更改XML序列化中元素的类型 [英] Changing type of element in XML Serialization
问题描述
我在XML序列化方面遇到了很大的问题。我有两个类,都需要可序列化。在继承的类中,我想更改序列化行为,以便将字符串属性序列化为复杂类型。
I am having huge problems with XML serialization. I have two classes, both need to be serializeable. In the inherited class, I would like to change the serialization behavior, so that a string property gets serialized as complex type.
public class Animal
{
[XmlElement(ElementName = "NAME")]
public string Name { get; set; }
public virtual bool ShouldSerializeName() { return true; }
}
public class Cat : Animal
{
public override bool ShouldSerializeName() { return false; }
[XmlElement(ElementName = "NAME")]
public NameAndType Name2 { get; set; }
}
public class NameAndType
{
public string Name { get; set; }
public string Type { get; set; }
}
...
var cat = new Cat {Name2 = new NameAndType {Name = "LittleCat"}};
new XmlSerializer(typeof(Cat)).Serialize(Console.Out, cat);
我尝试了不同的方法,但是我没有找到改变<$ c方式的方法$ c> NAME 元素已序列化。
在上面的示例中,我收到错误消息:
I have tried different approaches, but I didn't find a way to change how the NAME
element get's serialized.
With the example above, I get the error message:
名称空间中的XML元素 NAME已经存在当前范围。使用XML属性为元素指定另一个XML名称或名称空间。
推荐答案
错误是,在 XmlSerializer
代码生成,代码生成器将无法理解 Cat
上两个潜在的 NAME
元素会永远不会同时进行序列化,因此会引发异常。
The reason you get the error is that, during XmlSerializer
code generation, the code generator doesn't understand that the two potential NAME
elements on Cat
will never be simultaneously serialized, so throws the exception.

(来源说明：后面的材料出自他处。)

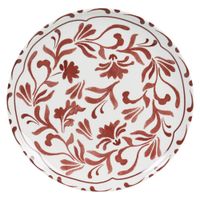 plato llano de ceramica blanca y flores burdeos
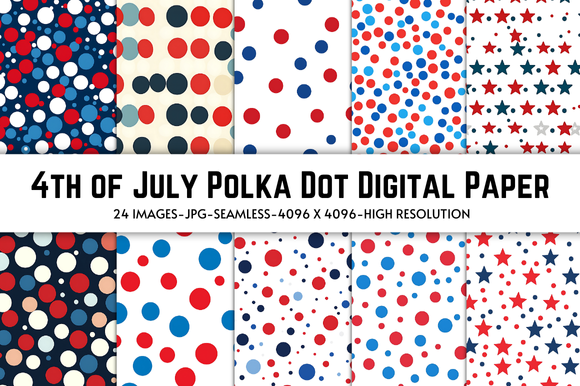 4th of July Polka Dot Digital Paper Graphic by Craft Heaven · Creative ...
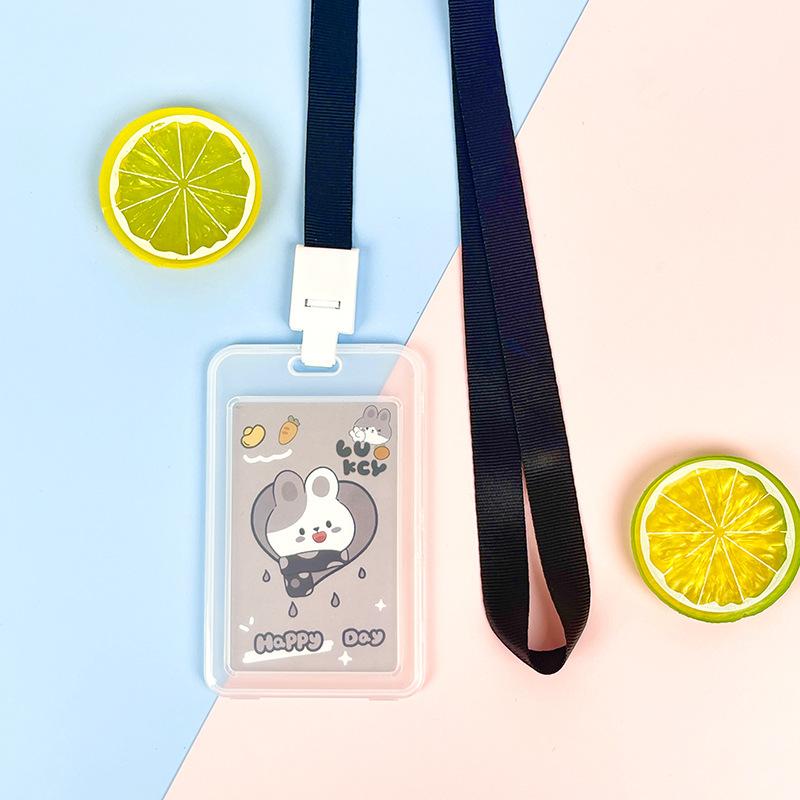 Ins Cute Transparent Lanyard Card Cover Student Bus Cards Case Cartoon Work Card Covers Credit Card Holder Id Holder with Rope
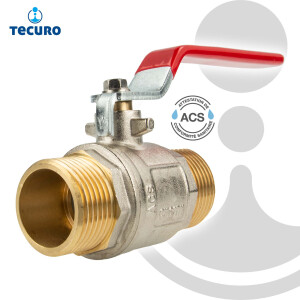 tecuro Kugelhahn (ACS), beids. Außengewinde G 1 1/2 Zoll (DN 40) Stahlhebel lang, MS-vernickelt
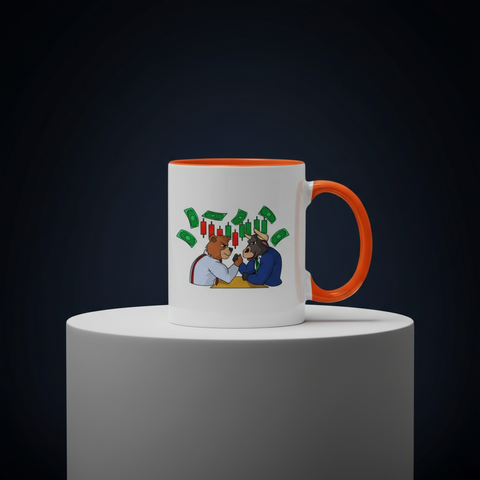 Traders arm-wrestling met geld mok - donkere etalage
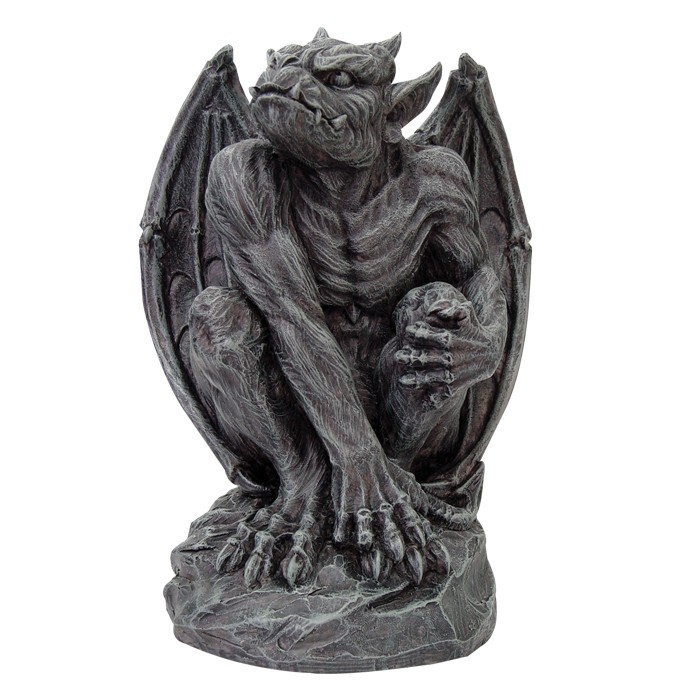 Gray Stone Gargoyle Statue Resin Winged Protector Gothic Home Decor Cold Cast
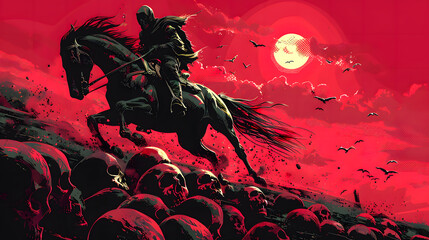 Wall Mural - The horseman, grim reaper riding the horse jumping from a pile of human skulls, digital art style, illustration painting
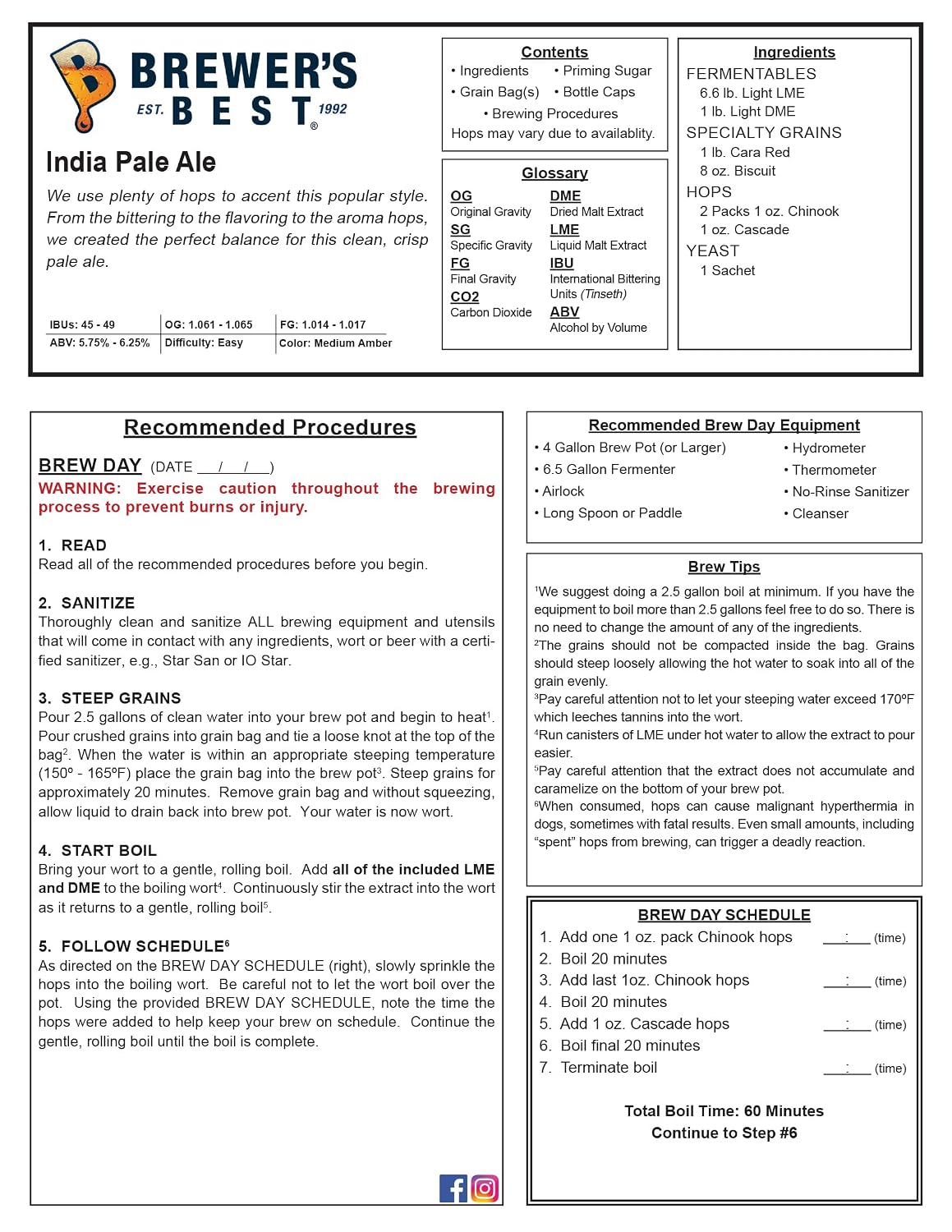 India Pale Ale Homebrew Beer Ingredient Kit Brewers Best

相反,您可以应用 XmlAnyElementAttribute
到返回 XElement
,然后手动创建并返回适当的 XElement
作为层次结构中每个类的名称:
Instead, you can apply XmlAnyElementAttribute
to a virtual property returning an XElement
, then manually create and return an appropriate XElement
for the name for each class in the hierarchy:
[XmlInclude(typeof(Cat))]
public class Animal
{
[XmlIgnore]
public string Name { get; set; }
[XmlAnyElement]
public virtual XElement XmlName
{
get
{
return Name == null ? null : new XElement("NAME", Name);
}
set
{
Name = (value == null ? null : value.Value);
}
}
}
public class Cat : Animal
{
// Must be cached as per https://msdn.microsoft.com/en-us/library/system.xml.serialization.xmlserializer%28v=vs.110%29.aspx
static XmlSerializer nameSerializer;
static Cat()
{
nameSerializer = new XmlSerializer(typeof(NameAndType), new XmlRootAttribute("NAME"));
}
[XmlIgnore]
public NameAndType Name2 { get; set; }
[XmlAnyElement]
public override XElement XmlName
{
get
{
return (Name2 == null ? null : XObjectExtensions.SerializeToXElement(Name2, nameSerializer, true));
}
set
{
Name2 = (value == null ? null : XObjectExtensions.Deserialize<NameAndType>(value, nameSerializer));
}
}
}
使用扩展方法:
public static class XObjectExtensions
{
public static T Deserialize<T>(this XContainer element)
{
return element.Deserialize<T>(new XmlSerializer(typeof(T)));
}
public static T Deserialize<T>(this XContainer element, XmlSerializer serializer)
{
using (var reader = element.CreateReader())
{
object result = serializer.Deserialize(reader);
if (result is T)
return (T)result;
}
return default(T);
}
public static XElement SerializeToXElement<T>(this T obj)
{
return obj.SerializeToXElement(new XmlSerializer(obj.GetType()), true);
}
public static XElement SerializeToXElement<T>(this T obj, XmlSerializer serializer, bool omitStandardNamespaces)
{
var doc = new XDocument();
using (var writer = doc.CreateWriter())
{
XmlSerializerNamespaces ns = null;
if (omitStandardNamespaces)
(ns = new XmlSerializerNamespaces()).Add("", ""); // Disable the xmlns:xsi and xmlns:xsd lines.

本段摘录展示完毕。